• **Dataset**

┄┄┄┄┄┄┄┄┄┄┄┄┄┄┄┄┄┄┄┄

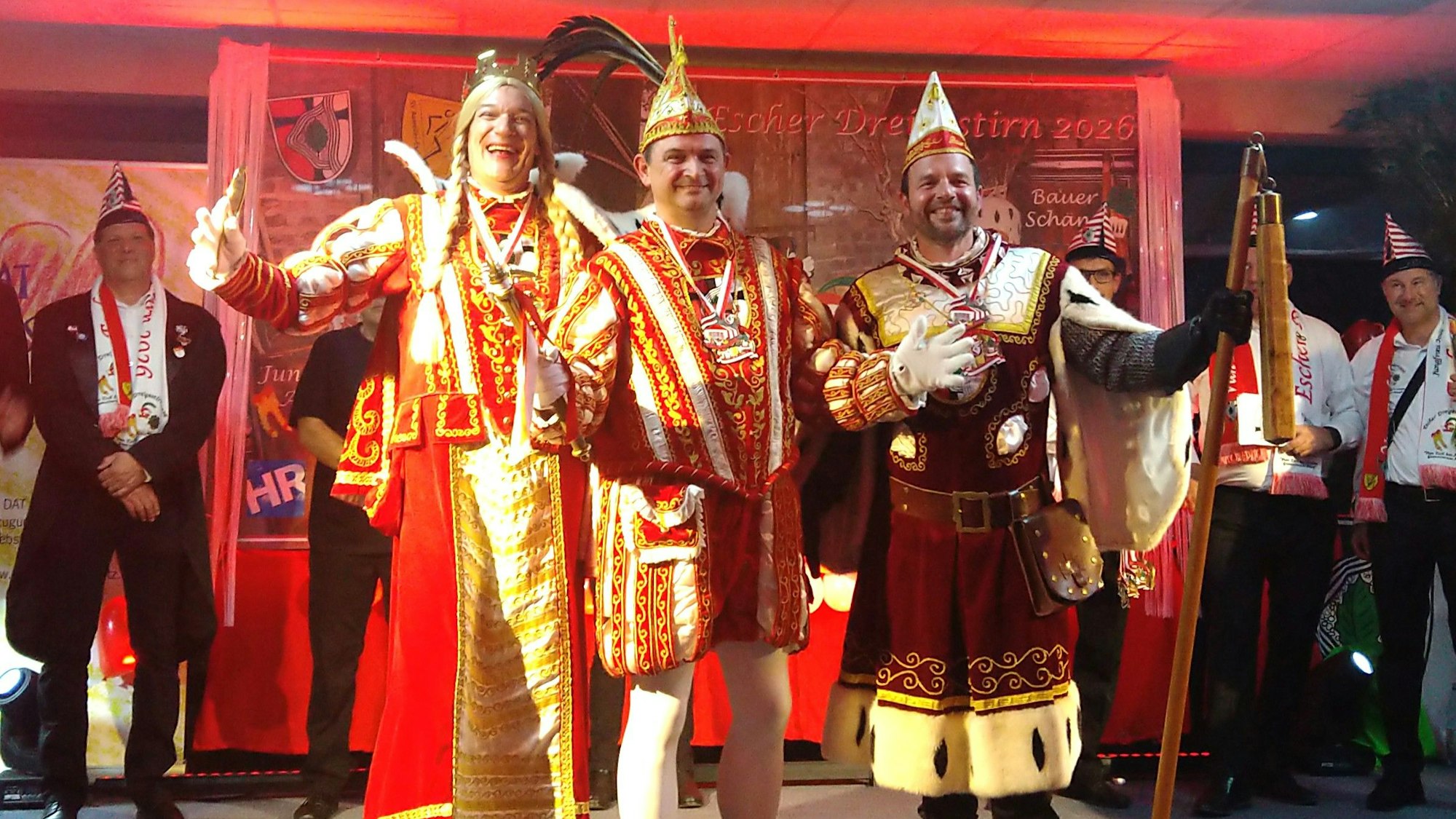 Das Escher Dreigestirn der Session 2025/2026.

┄┄┄┄┄┄┄┄┄┄┄┄┄┄┄┄┄┄┄┄

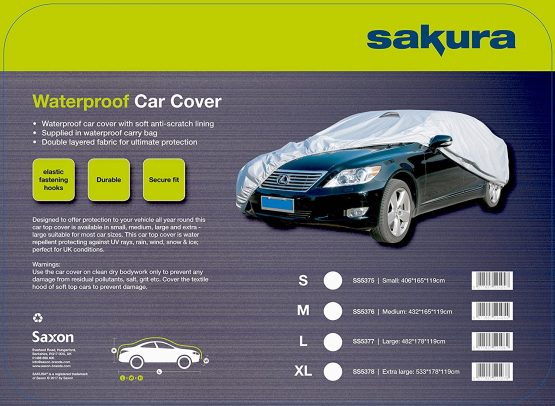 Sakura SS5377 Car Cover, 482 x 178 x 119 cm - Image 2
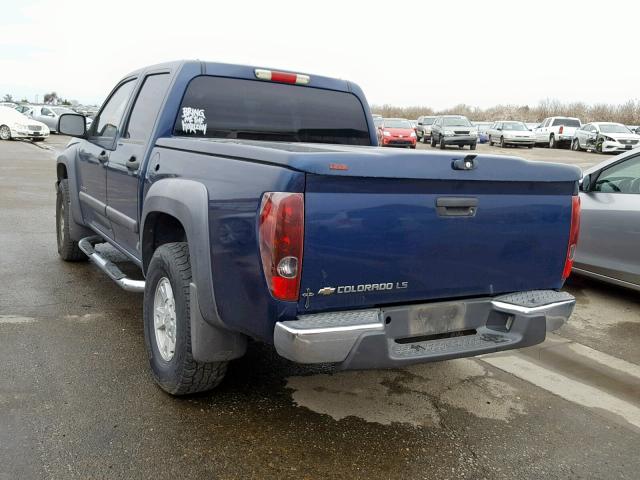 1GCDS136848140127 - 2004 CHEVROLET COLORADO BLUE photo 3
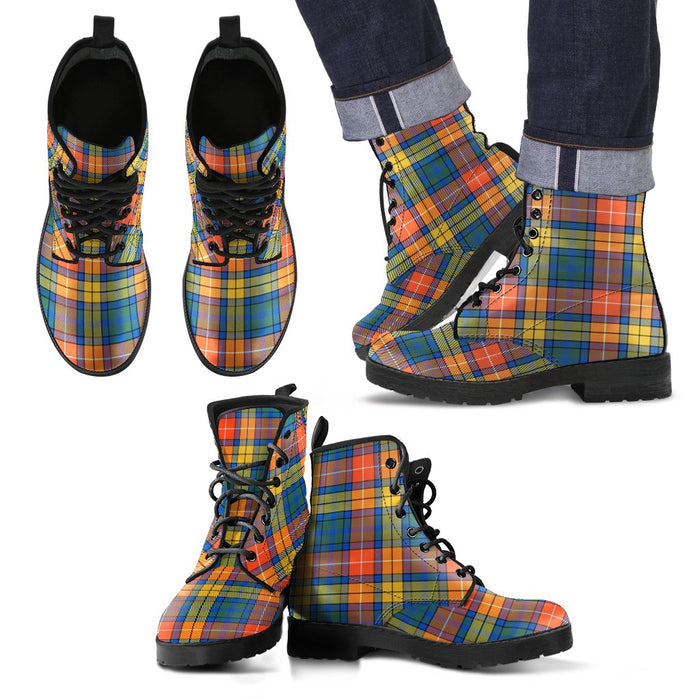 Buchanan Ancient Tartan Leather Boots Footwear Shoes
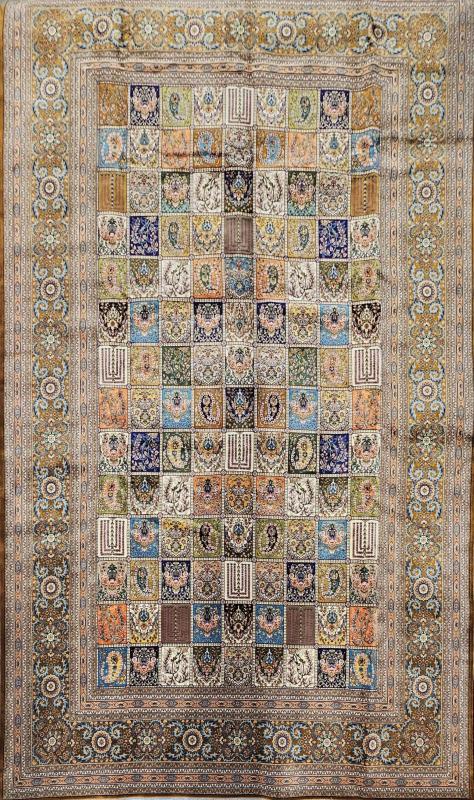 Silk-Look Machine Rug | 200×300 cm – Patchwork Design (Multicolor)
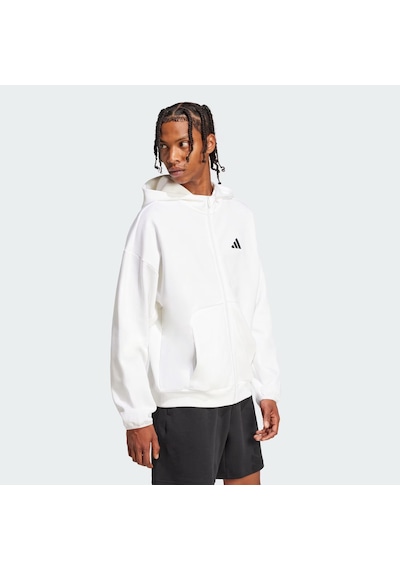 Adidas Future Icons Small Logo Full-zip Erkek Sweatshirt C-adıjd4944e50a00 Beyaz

┄┄┄┄┄┄┄┄┄┄┄┄┄┄┄┄┄┄┄┄

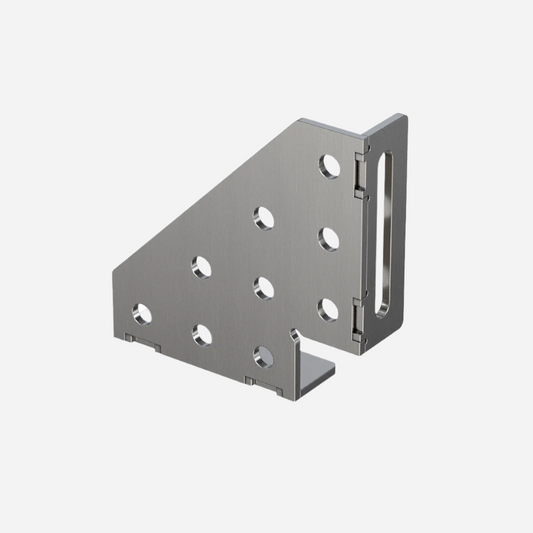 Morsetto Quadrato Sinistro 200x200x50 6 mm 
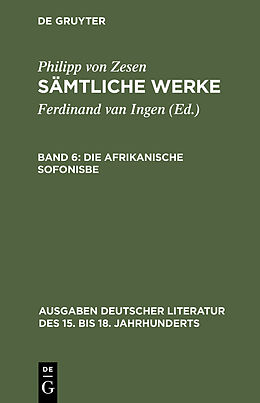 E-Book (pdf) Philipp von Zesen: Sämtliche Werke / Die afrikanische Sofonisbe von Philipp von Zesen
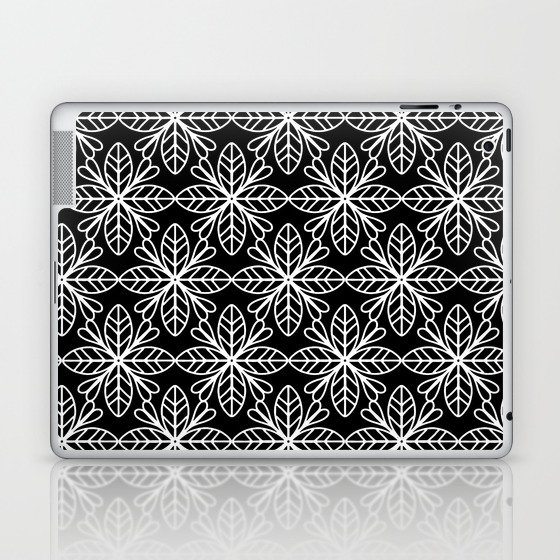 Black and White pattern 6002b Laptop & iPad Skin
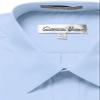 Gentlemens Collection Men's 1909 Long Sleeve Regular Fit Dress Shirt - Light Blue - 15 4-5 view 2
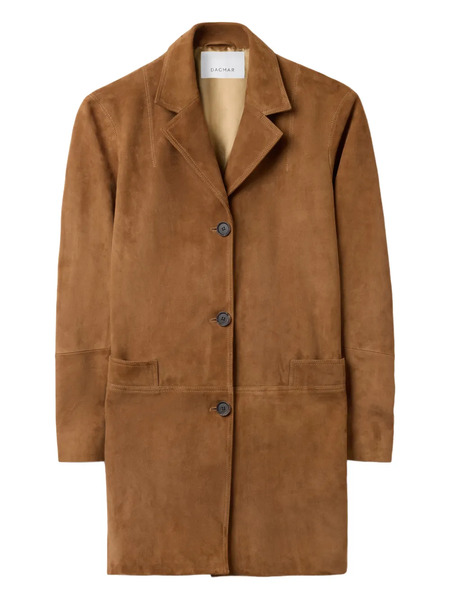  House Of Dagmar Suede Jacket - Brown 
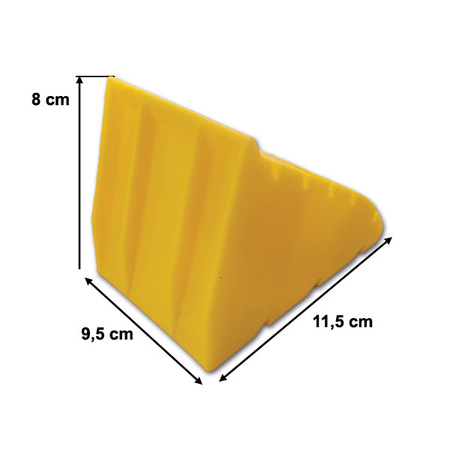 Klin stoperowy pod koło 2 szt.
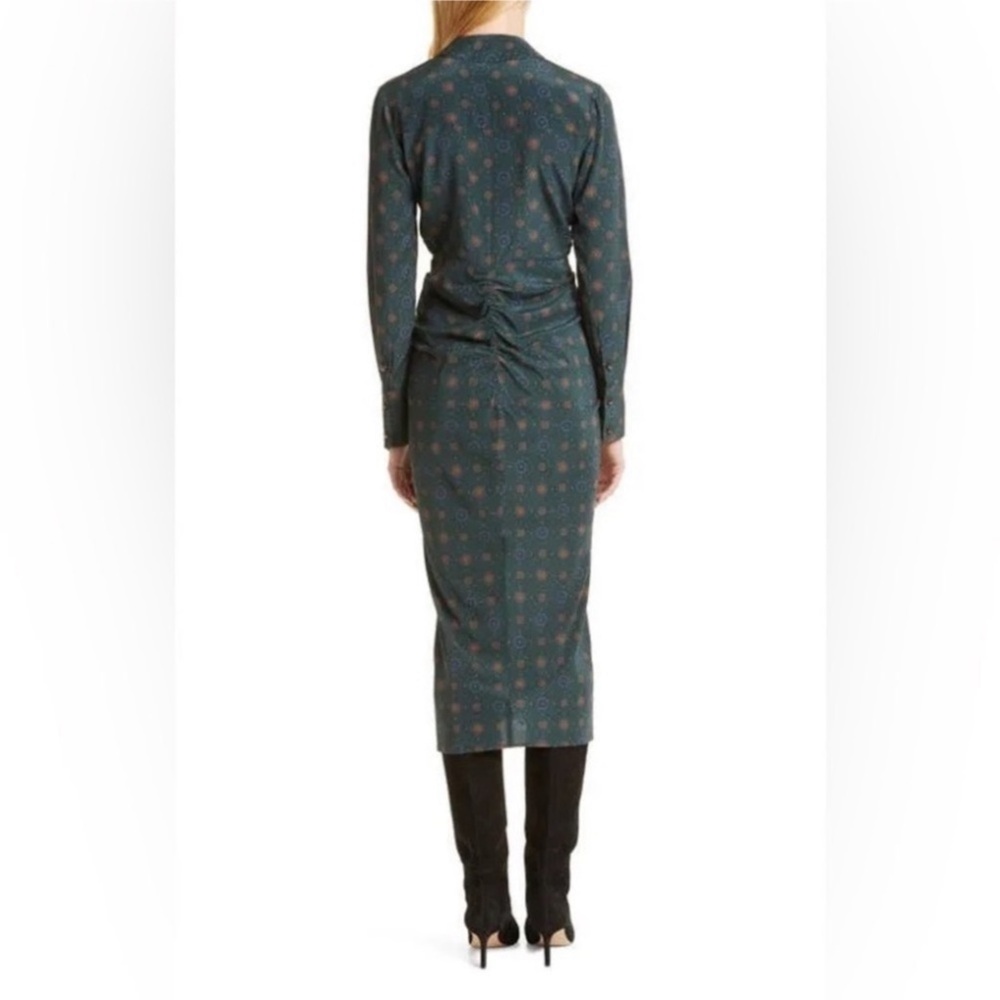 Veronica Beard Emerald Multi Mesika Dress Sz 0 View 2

┄┄┄┄┄┄┄┄┄┄┄┄┄┄┄┄┄┄┄┄

• **How to complete this task**
Using the data above, transcribe exactly the lines between those containing "Morsetto Quadrato Sinistro 200x200x50 6 mm" and "Veronica Beard Emerald", inclusive, and leave every picture behind.

• **Response box**
 Morsetto Quadrato Sinistro 200x200x50 6 mm 
 E-Book (pdf) Philipp von Zesen: Sämtliche Werke / Die afrikanische Sofonisbe von Philipp von Zesen
 Black and White pattern 6002b Laptop & iPad Skin
 Gentlemens Collection Men's 1909 Long Sleeve Regular Fit Dress Shirt - Light Blue - 15 4-5 view 2
  House Of Dagmar Suede Jacket - Brown 
 Klin stoperowy pod koło 2 szt.
 Veronica Beard Emerald Multi Mesika Dress Sz 0 View 2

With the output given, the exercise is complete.